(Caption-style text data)
● ● ● ● ● ● ●

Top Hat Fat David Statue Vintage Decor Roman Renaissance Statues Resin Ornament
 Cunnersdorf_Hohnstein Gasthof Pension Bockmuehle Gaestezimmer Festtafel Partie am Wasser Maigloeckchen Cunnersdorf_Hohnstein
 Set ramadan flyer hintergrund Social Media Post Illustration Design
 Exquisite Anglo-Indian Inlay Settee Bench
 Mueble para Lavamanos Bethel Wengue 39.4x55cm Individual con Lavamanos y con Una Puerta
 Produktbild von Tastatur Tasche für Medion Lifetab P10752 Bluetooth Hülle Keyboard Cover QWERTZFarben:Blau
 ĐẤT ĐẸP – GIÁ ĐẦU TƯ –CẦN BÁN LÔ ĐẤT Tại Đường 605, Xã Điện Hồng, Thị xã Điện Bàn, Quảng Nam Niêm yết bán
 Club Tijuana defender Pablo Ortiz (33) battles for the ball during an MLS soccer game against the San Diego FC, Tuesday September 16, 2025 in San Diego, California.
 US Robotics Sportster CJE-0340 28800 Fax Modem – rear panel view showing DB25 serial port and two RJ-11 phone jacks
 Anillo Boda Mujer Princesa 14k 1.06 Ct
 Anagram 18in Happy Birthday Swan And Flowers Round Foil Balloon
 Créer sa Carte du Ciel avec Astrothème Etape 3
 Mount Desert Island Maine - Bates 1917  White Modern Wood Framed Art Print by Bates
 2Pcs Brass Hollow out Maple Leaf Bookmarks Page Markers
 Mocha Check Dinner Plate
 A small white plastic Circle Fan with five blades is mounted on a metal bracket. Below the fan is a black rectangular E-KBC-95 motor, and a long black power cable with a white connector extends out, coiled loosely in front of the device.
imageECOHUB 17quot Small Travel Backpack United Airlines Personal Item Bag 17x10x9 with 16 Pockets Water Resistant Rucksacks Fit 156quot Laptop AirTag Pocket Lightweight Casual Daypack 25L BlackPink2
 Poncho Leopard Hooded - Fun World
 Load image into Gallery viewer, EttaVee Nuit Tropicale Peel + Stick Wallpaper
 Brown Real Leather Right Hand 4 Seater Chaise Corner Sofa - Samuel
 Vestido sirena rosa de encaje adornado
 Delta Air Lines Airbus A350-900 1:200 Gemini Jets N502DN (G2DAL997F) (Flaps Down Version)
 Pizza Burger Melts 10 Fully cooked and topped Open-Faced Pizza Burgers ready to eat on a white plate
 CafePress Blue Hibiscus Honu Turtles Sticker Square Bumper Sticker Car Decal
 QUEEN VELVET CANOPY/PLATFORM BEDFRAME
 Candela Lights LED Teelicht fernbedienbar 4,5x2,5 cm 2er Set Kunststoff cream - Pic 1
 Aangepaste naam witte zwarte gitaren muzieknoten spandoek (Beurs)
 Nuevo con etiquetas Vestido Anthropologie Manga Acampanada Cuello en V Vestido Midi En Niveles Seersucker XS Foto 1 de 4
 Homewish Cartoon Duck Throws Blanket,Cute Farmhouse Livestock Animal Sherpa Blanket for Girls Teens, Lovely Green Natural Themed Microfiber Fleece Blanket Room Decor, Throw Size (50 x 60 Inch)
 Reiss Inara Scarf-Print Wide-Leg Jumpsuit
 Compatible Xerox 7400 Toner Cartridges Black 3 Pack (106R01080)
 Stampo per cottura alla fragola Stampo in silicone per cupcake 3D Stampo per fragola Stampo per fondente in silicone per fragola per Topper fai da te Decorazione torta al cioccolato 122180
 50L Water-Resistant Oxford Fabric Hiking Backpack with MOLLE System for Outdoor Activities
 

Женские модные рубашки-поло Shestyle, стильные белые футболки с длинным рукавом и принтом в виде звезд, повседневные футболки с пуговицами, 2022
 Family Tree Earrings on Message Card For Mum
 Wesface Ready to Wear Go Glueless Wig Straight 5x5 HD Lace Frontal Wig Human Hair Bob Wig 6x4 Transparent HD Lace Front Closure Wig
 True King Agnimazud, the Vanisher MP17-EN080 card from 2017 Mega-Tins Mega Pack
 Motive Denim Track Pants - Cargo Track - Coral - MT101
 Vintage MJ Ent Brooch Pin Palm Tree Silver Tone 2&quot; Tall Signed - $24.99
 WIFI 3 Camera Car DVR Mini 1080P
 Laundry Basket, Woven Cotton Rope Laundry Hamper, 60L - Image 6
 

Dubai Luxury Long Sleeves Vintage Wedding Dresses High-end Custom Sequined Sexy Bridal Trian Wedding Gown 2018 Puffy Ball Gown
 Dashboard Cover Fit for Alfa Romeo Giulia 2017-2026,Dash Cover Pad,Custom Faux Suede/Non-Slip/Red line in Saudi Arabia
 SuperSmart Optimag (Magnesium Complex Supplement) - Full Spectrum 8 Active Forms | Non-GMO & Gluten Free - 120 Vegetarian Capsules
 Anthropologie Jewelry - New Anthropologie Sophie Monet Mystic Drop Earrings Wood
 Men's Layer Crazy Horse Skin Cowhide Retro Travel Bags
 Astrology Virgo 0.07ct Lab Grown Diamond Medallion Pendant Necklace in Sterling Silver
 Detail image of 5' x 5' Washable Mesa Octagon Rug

● ● ● ● ● ● ●

Could you repeat exactly the lines above from the line with "Family Tree Earrings on Message Card For Mum" up to and including the line with "True King Agnimazud, the", and only those?

Expected answer
 Family Tree Earrings on Message Card For Mum
 Wesface Ready to Wear Go Glueless Wig Straight 5x5 HD Lace Frontal Wig Human Hair Bob Wig 6x4 Transparent HD Lace Front Closure Wig
 True King Agnimazud, the Vanisher MP17-EN080 card from 2017 Mega-Tins Mega Pack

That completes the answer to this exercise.